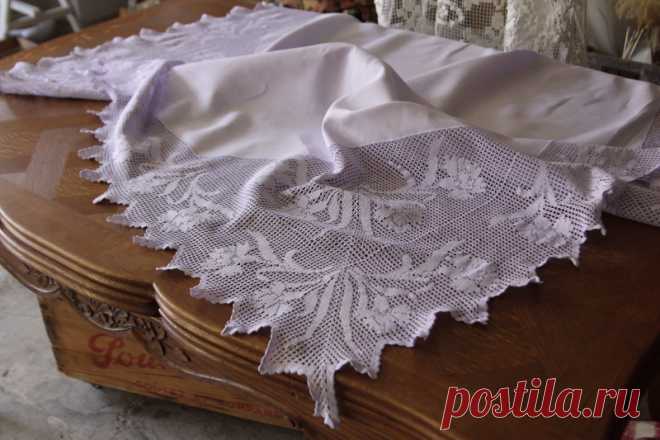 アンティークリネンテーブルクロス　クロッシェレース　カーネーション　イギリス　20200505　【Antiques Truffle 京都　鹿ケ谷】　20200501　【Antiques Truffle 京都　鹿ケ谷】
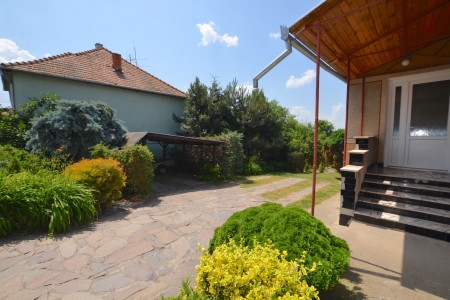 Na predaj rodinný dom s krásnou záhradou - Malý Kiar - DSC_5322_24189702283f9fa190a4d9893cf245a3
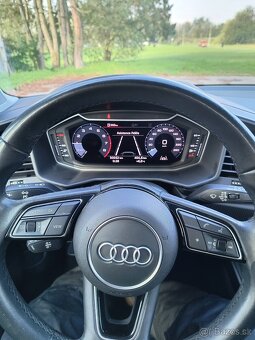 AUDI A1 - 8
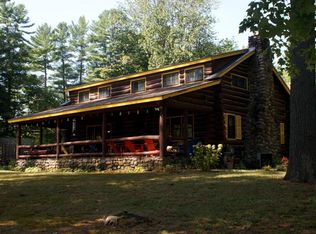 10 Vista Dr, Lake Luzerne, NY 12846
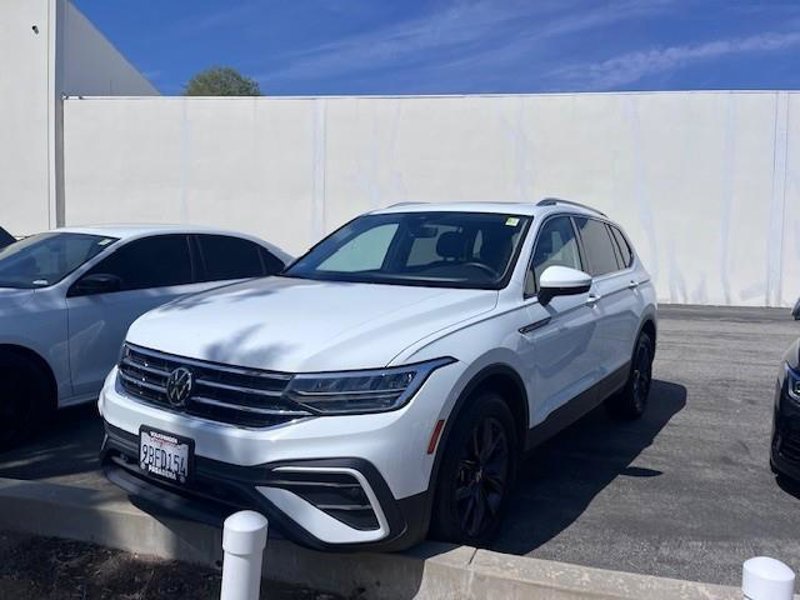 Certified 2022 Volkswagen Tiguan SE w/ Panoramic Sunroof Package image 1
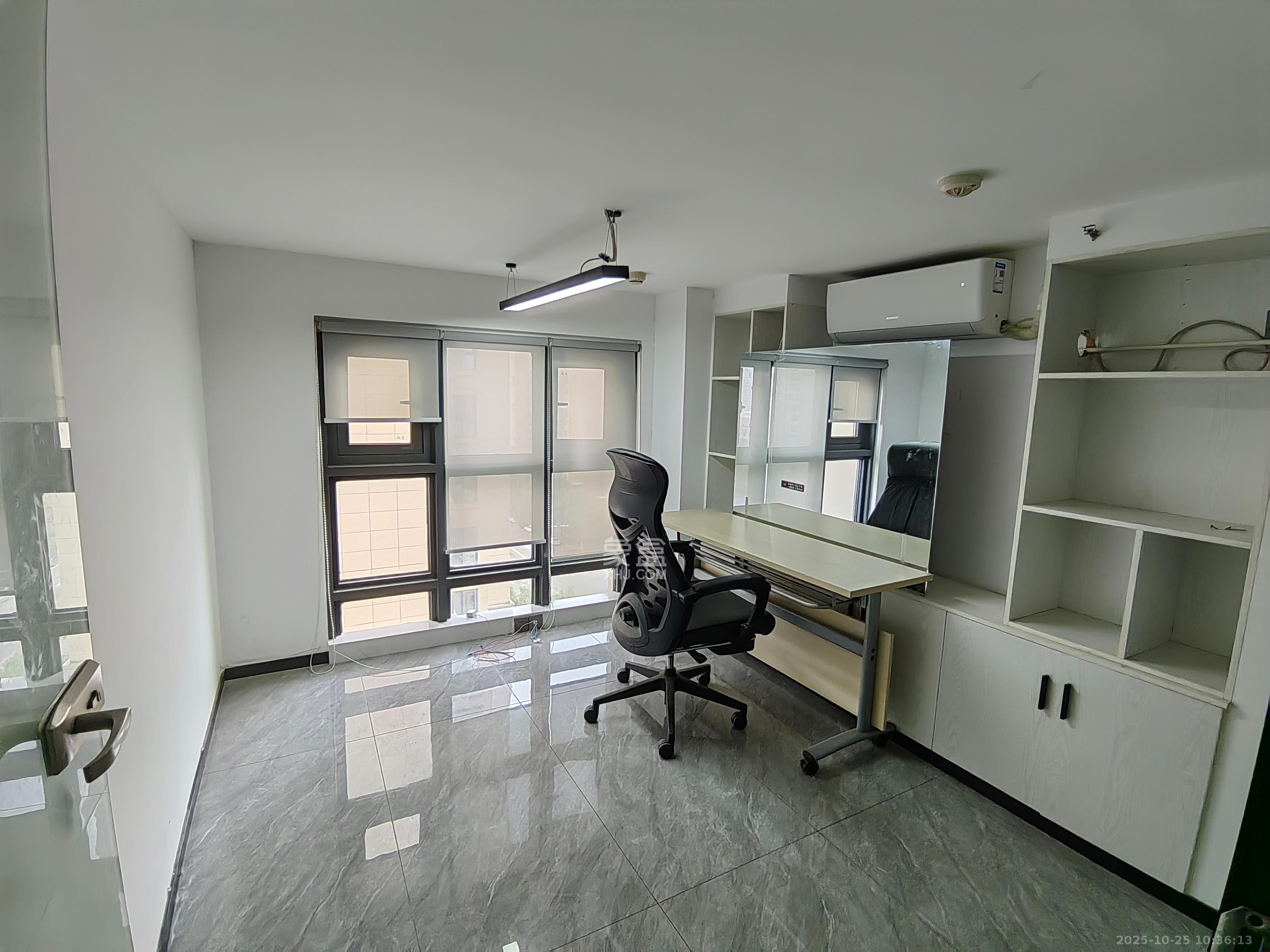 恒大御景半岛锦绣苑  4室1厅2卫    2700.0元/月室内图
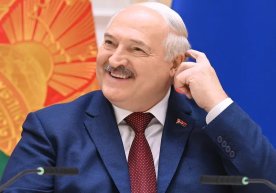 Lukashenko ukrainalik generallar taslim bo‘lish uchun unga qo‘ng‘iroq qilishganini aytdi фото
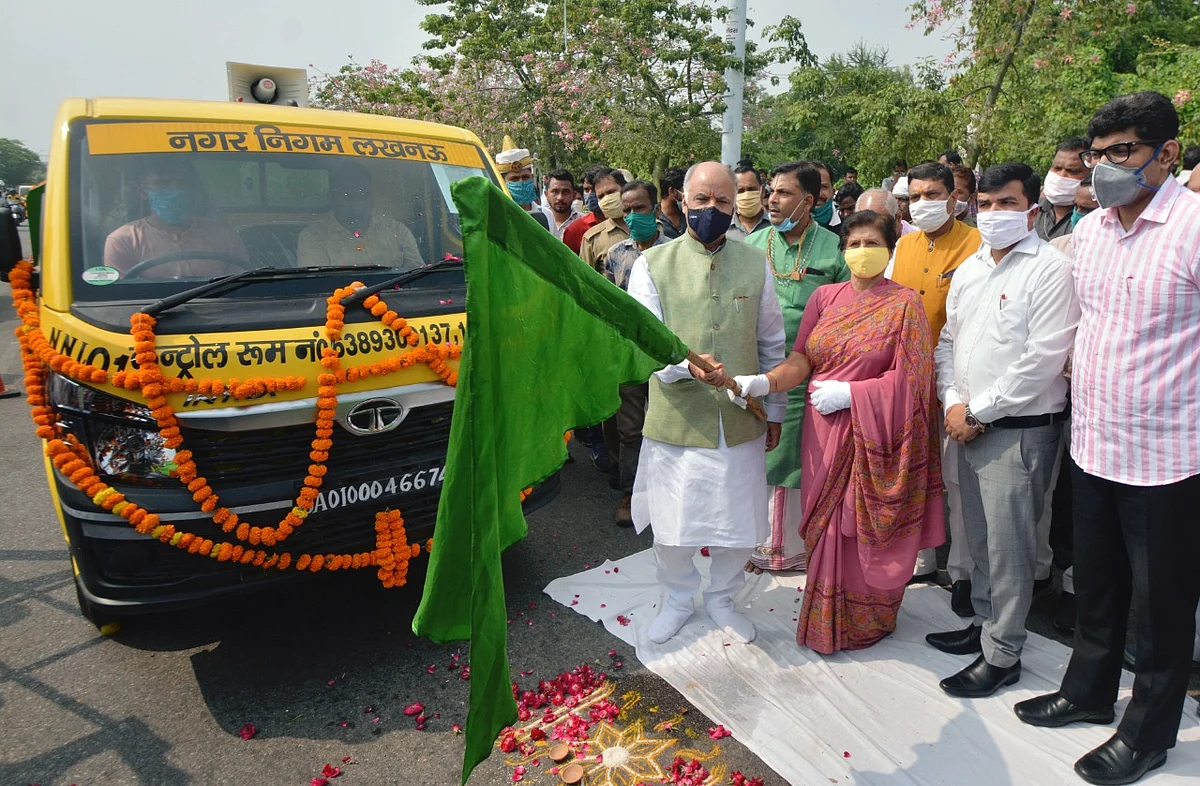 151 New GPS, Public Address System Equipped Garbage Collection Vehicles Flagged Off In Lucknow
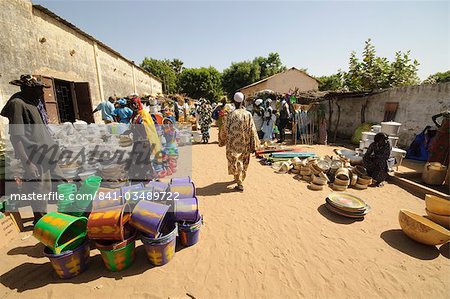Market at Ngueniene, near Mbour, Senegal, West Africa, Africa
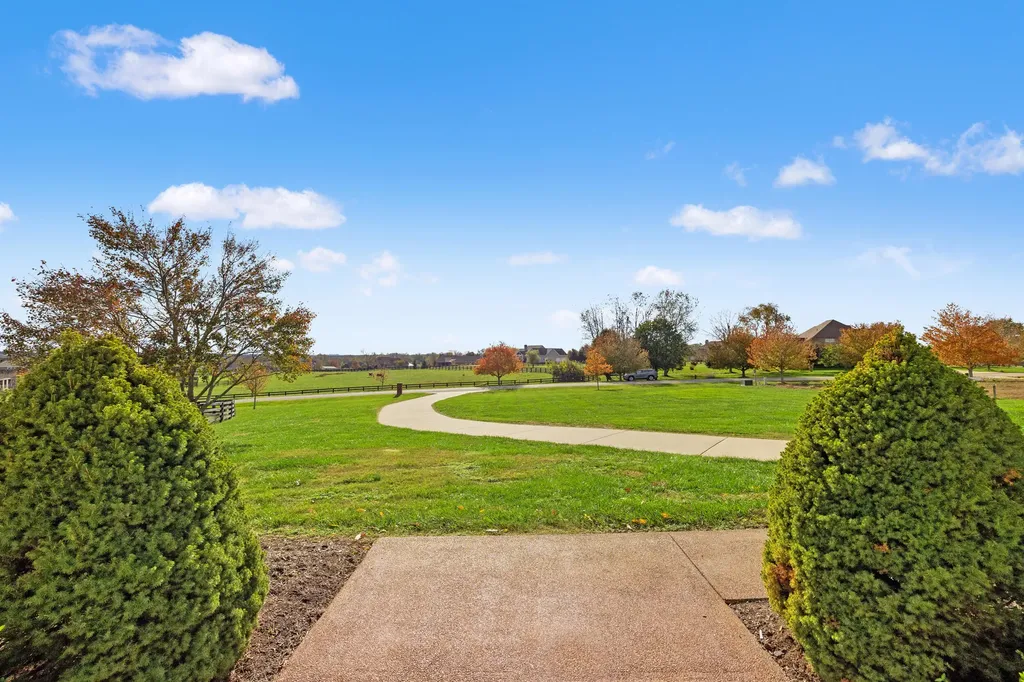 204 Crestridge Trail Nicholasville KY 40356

......

## Exercise details
Repeat the data word for word, minus any pictures.

## Answer space
 アンティークリネンテーブルクロス　クロッシェレース　カーネーション　イギリス　20200505　【Antiques Truffle 京都　鹿ケ谷】　20200501　【Antiques Truffle 京都　鹿ケ谷】
 Na predaj rodinný dom s krásnou záhradou - Malý Kiar - DSC_5322_24189702283f9fa190a4d9893cf245a3
 AUDI A1 - 8
 10 Vista Dr, Lake Luzerne, NY 12846
 Certified 2022 Volkswagen Tiguan SE w/ Panoramic Sunroof Package image 1
 恒大御景半岛锦绣苑  4室1厅2卫    2700.0元/月室内图
 Lukashenko ukrainalik generallar taslim bo‘lish uchun unga qo‘ng‘iroq qilishganini aytdi фото
 151 New GPS, Public Address System Equipped Garbage Collection Vehicles Flagged Off In Lucknow
Market at Ngueniene, near Mbour, Senegal, West Africa, Africa
 204 Crestridge Trail Nicholasville KY 40356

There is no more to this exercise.